주메뉴바로가기본문바로가기
비즈한국 비즈한국

Calon Pemilik Baru Lotte Department Store Cabang Mia adalah IGIS Asset Management… Negosiasi Penjualan Senilai 220 Miliar Won

Artikel ini diterjemahkan secara otomatis oleh AI. Mungkin terdapat perbedaan dengan artikel asli berbahasa Korea.  Read original in Korean →

[비즈한국] Lotte Shopping tengah mempercepat proses penjualan Lotte Department Store cabang Mia kepada IGIS Asset Management. Jika transaksi ini selesai, Lotte Department Store cabang Mia yang dibuka pada tahun 2006 kemungkinan besar akan mengakhiri perannya sebagai department store setelah beroperasi selama sekitar 20 tahun. Alih-alih melanjutkan operasional department store, IGIS Asset Management mempertimbangkan rencana untuk merobohkan bangunan yang ada dan membangun hunian sewa swasta jangka panjang. Setelah sebelumnya mengakuisisi dua department store dan mengubahnya menjadi fasilitas perkantoran serta komersial, kali ini IGIS Asset Management berencana mengubah department store menjadi fasilitas hunian.

Di tengah upaya Lotte Shopping menjual Lotte Department Store cabang Mia, calon pemilik baru yaitu IGIS Asset Management tengah mempertimbangkan rencana untuk merobohkan bangunan yang ada dan mengembangkannya menjadi fasilitas hunian. Foto=Naver Map

Menurut industri perbankan investasi (IB), Lotte Shopping baru-baru ini memilih IGIS Asset Management sebagai penawar terpilih (preferred bidder) untuk penjualan Lotte Department Store cabang Mia. Harga transaksi yang diketahui mencapai sekitar 220 miliar won. Lotte Shopping sempat membuka tender penjualan pada bulan Juni lalu, namun tidak dapat memilih penawar terpilih karena adanya perbedaan harga antara penjual dan pembeli. Setelah itu, mereka melakukan tender ulang dan menetapkan IGIS Asset Management sebagai penawar terpilih. Namun, karena negosiasi masih berlangsung, penjualan belum sepenuhnya difinalisasi.
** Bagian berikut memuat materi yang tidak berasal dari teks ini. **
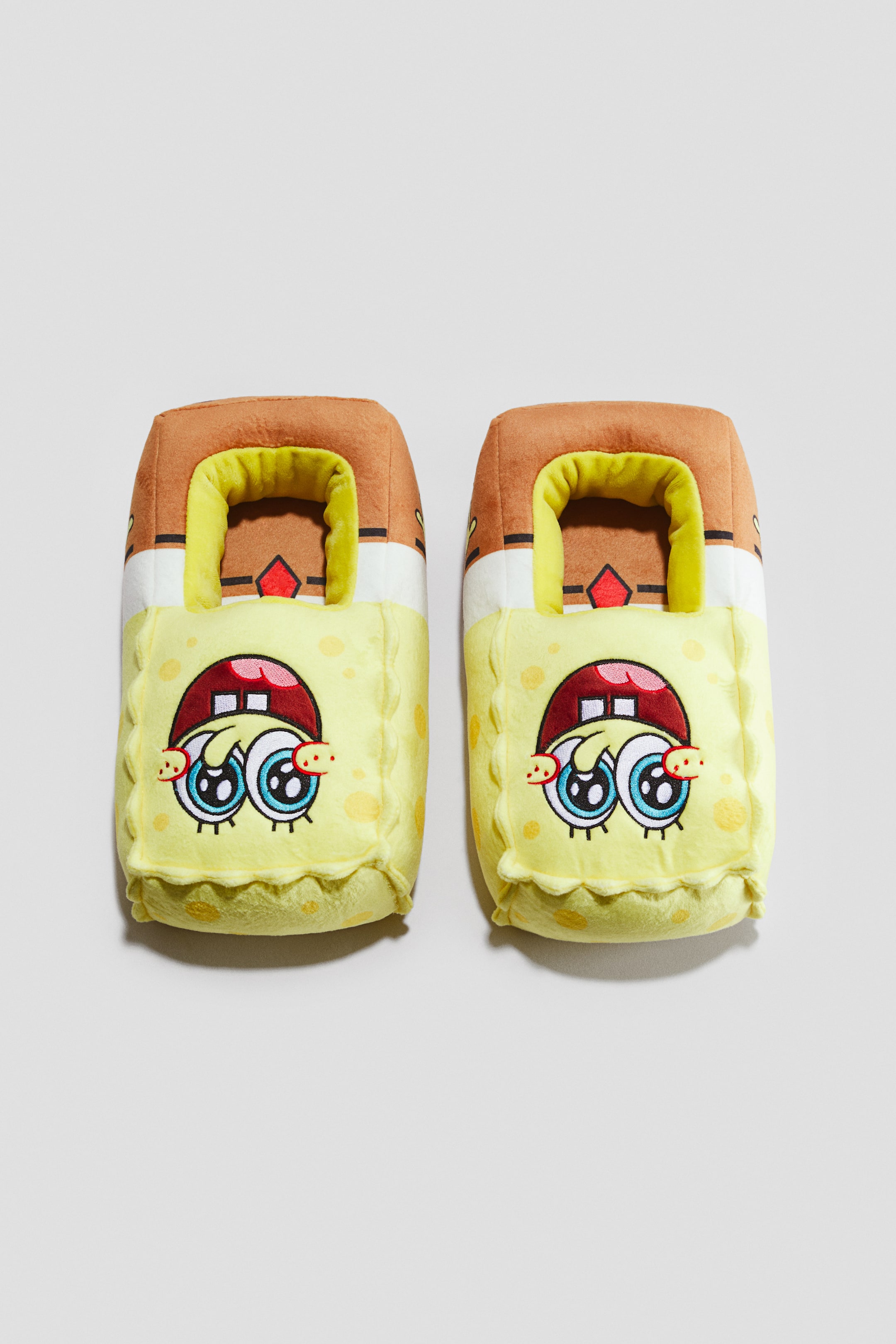 Ampliar la imagen: Dos pantuflas de Bob Esponja de peluche están colocadas una junto a la otra, de frente. Cada pantufla presenta una parte superior café con una banda blanca y detalle de lazo rojo, mientras que la parte frontal amarilla muestra ojos bordados, mejillas sonrosadas, una boca abierta con dientes y una lengua roja, sutiles lunares y un ribete ondulado.
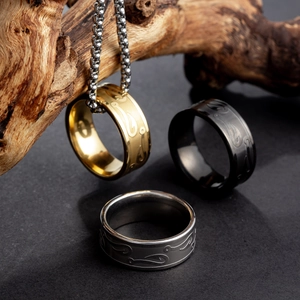 Three-tone fishhook pattern stainless steel rings and box chain on textured stone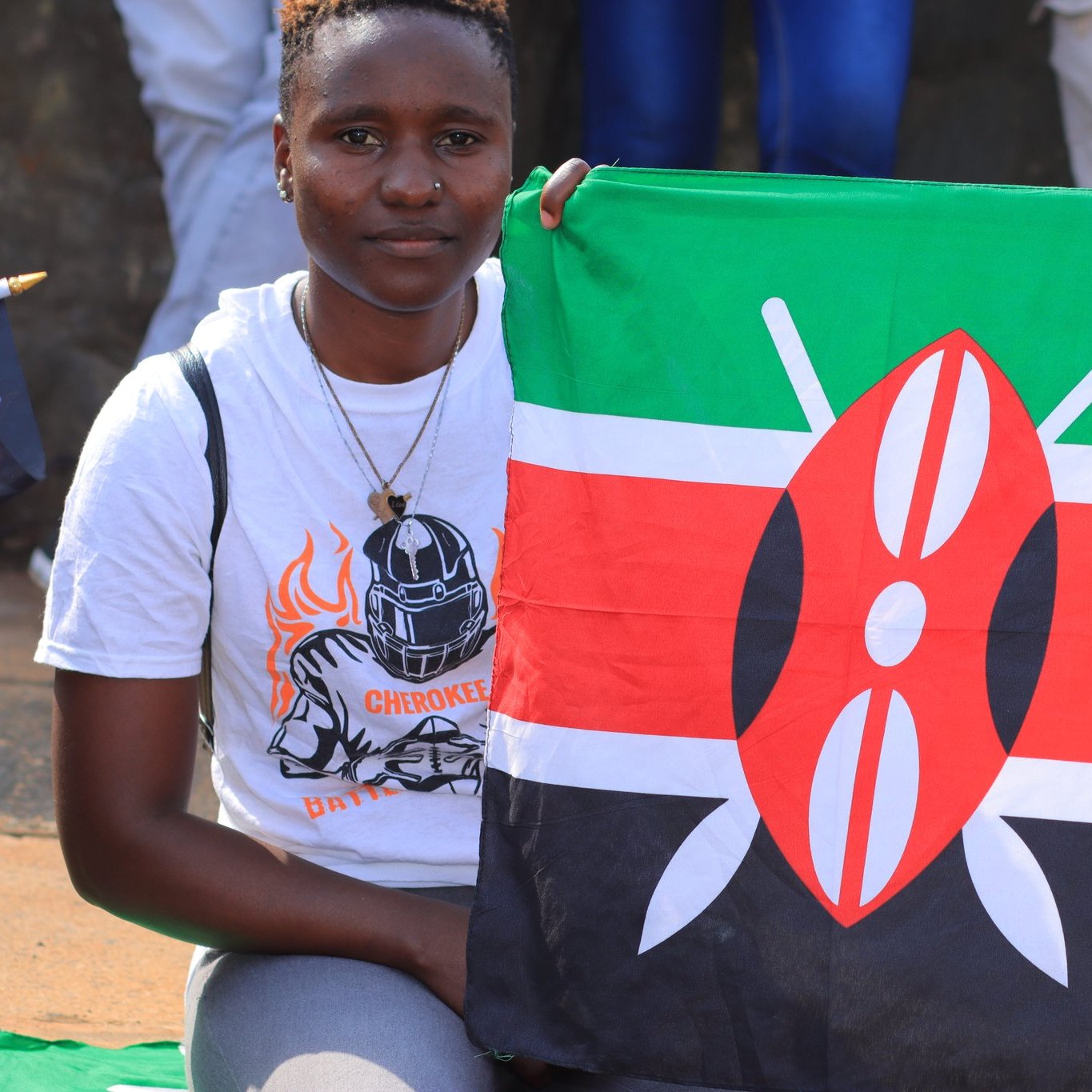 Dans cette image, une jeune femme sourit tout en tenant une grande drapeau du Kenya. Le drapeau est composé de bandes horizontales de couleur noire, rouge et verte, avec un motif central représentant un écu et des flèches. La femme porte un t-shirt blanc orné d'un motif sportif, avec un choker en pendentif autour du cou. En arrière-plan, on peut apercevoir d'autres personnes, certaines tenant également des drapeaux, créant une ambiance festive et patriotique.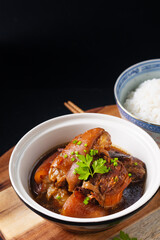 Food concept Spot focus Homemade Asian 5 spice  braised pork on black background with copy space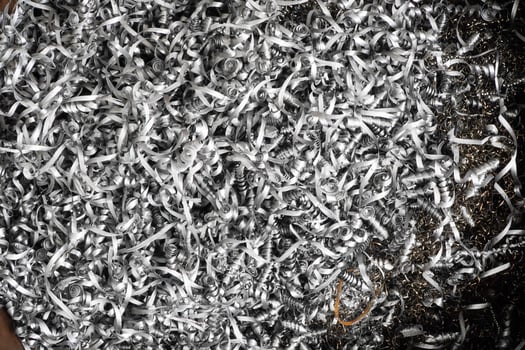 steel scrap materials recycling. aluminum chip waste after machining metal parts on a cnc lathe. closeup twisted spiral steel shavings. small roughness sharpness. photo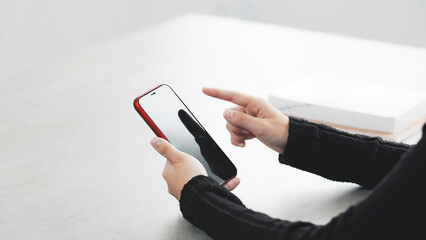 部屋でスマホを使う女性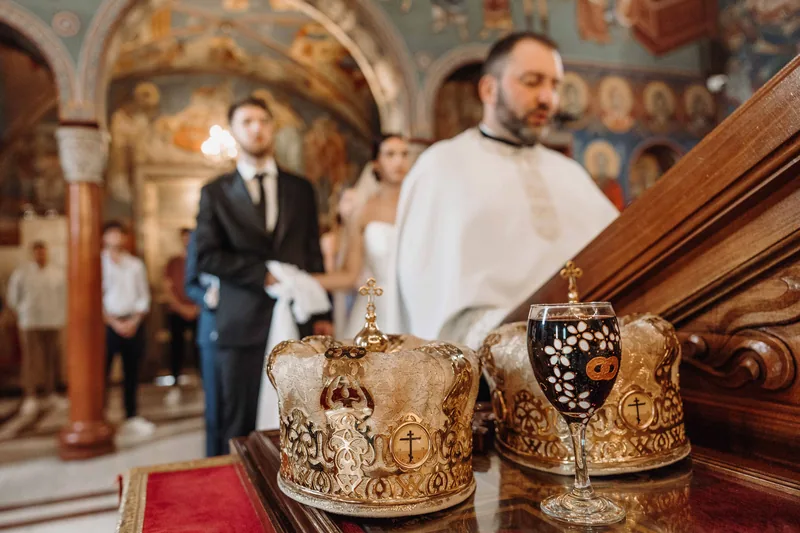 Two golden ceremonial crowns and a glass of wine rest on a table as a priest and couple stand behind.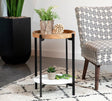 Adhvik round accent table showing natural mango wood top and black iron frame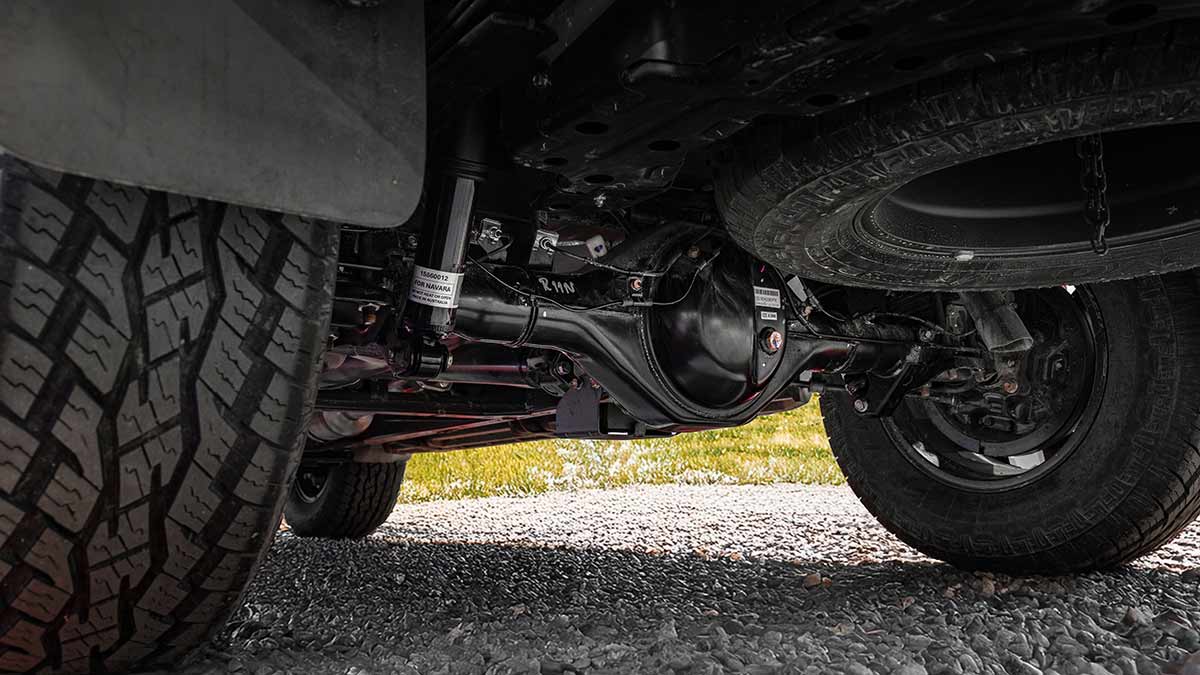Rear suspension underneath Nissan Navara ST-X with Australian-made Monroe shock absorbers.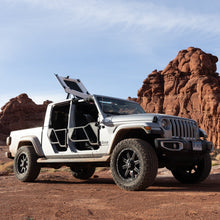 White Jeep Gladiator with EZ4X4 Razor half-tube doors and FlipTop open, parked in desert with red rock formations.
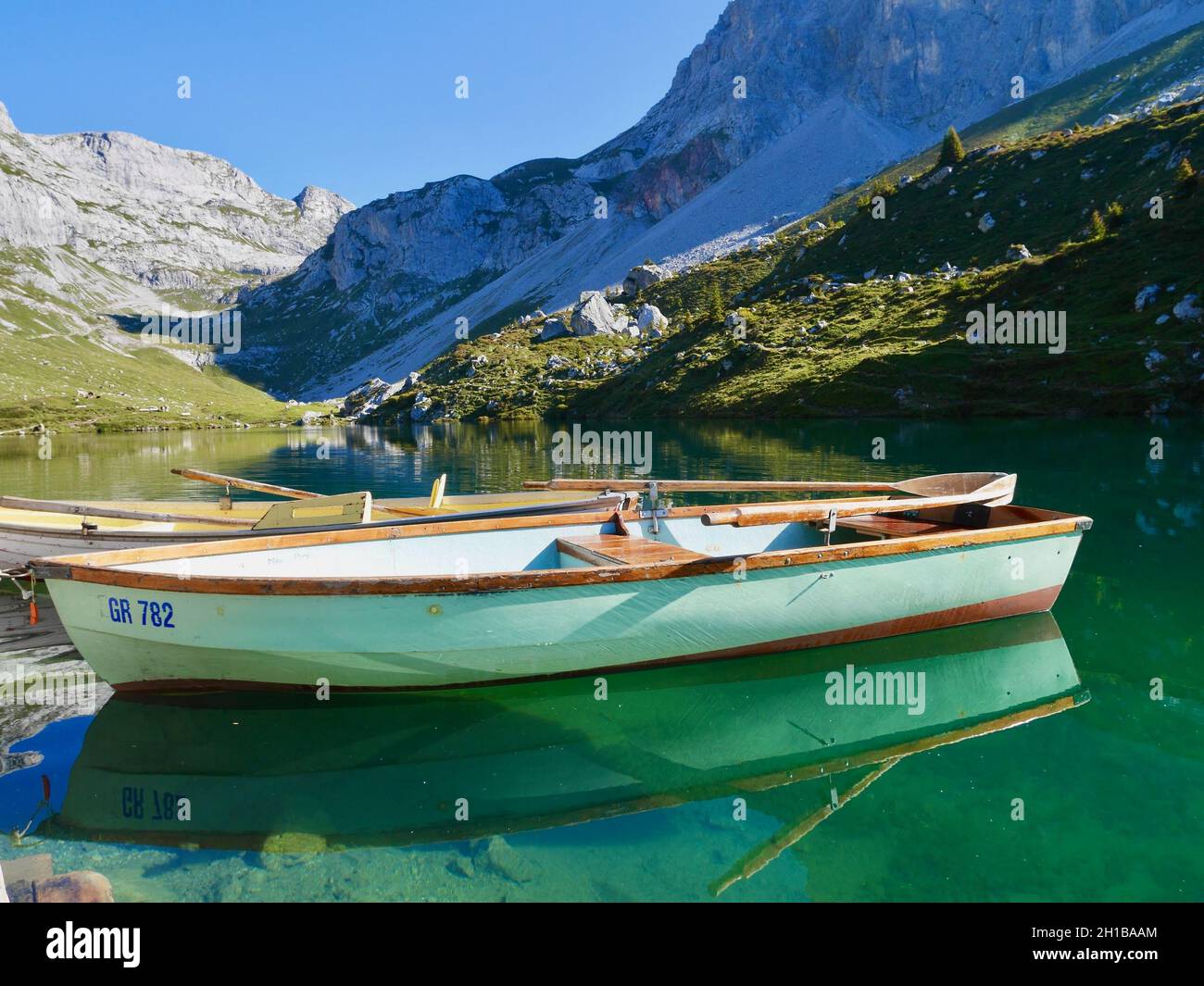 Boats in emerald-green Lake Partnun in Praettigau, Graubuenden, Switzerland. Stock Photo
Pihak Lotte Department Store juga mengakui pemilihan penawar terpilih tersebut, namun menyatakan bahwa syarat-syarat spesifik belum diputuskan.

Lotte Department Store cabang Mia terletak di 62 Dobong-ro, Gangbuk-gu, Seoul, dekat dengan Stasiun Mia Intersection di Jalur Kereta Bawah Tanah nomor 4. Luas lahan mencapai 7.372㎡ dengan luas total bangunan sebesar 73.147㎡. Lotte Shopping membuka cabang Mia pada Desember 2006. Saat itu, investasi yang dikucurkan mencapai sekitar 250 miliar won, dan cabang ini dikembangkan sebagai gerai besar yang tidak hanya berisi toko department store, tetapi juga bioskop dan fasilitas lainnya.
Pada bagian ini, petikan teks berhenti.